Atualmente o módulo está submerso na água e será transportado para BEA, nos arredores de Paris, para análise. De acordo com o diretor Troadec, o módulo deverá chegar à França em um período de 8 a 10 dias, tempo necessário para uma fragata da marinha francesa buscá-lo e levá-lo para o escritório do BEA.

O objetivo agora dos investigadores é resgatar a segunda caixa preta, com as gravações das conversas dos pilotos no cockpit do Airbus A 330, antes que a marinha francesa chegue ao local para buscar a primeira caixa preta já resgatada. Assim, o navio poderia trazer as duas caixas pretas ao mesmo tempo.

No início de abril, quase dois anos após o acidente, a Agência francesa anunciou ter descoberto o local exato onde estavam os destroços do avião da Air France, em uma profundidade de 3.900 metros. O navio Île de Sein equipado com o robô sumarino Relmora foi enviado ao local para resgatar peças consideradas importantes para as investigações.
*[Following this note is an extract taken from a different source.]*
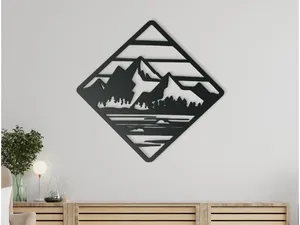 Mountains and Lake 3D Wall Art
Na última quarta-feira, o chassi de uma das caixas pretas foi resgatado mas não com o módulo contendo os dados do vôo.

Reações

O presidente da Associação francesa dos familiares das vítimas do acidente “Entraide et Solidarité” (Ajuda mútua e Solidariedade, em tradução livre), Jean-Baptiste Andousset, afirmou que o aúncio do resgate da caixa preta é “muito encorajador” mas disse também manter prudência em relação à possibilidade de que os dados possam ser explorados.

“Esta nova etapa na investigação constitui um grande avanço porque poderá fornecer informações adicionais sobre as causas deste acidente que até hoje continua inexplicável”, afirmou o diretor geral da Air France-KLM, Pierre-Henri Gourgeon.

Um porta-voz da Airbus, entrevistado pela agência de notícias France Presse, informou que no momento a empresa não fará nenhum tipo de declaração.